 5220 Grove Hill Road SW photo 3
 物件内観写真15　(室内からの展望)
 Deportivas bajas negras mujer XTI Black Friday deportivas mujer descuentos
============
An exact reproduction of the data is required. Leave nothing out.

> _Task output_
 5220 Grove Hill Road SW photo 3
 物件内観写真15　(室内からの展望)
 Deportivas bajas negras mujer XTI Black Friday deportivas mujer descuentos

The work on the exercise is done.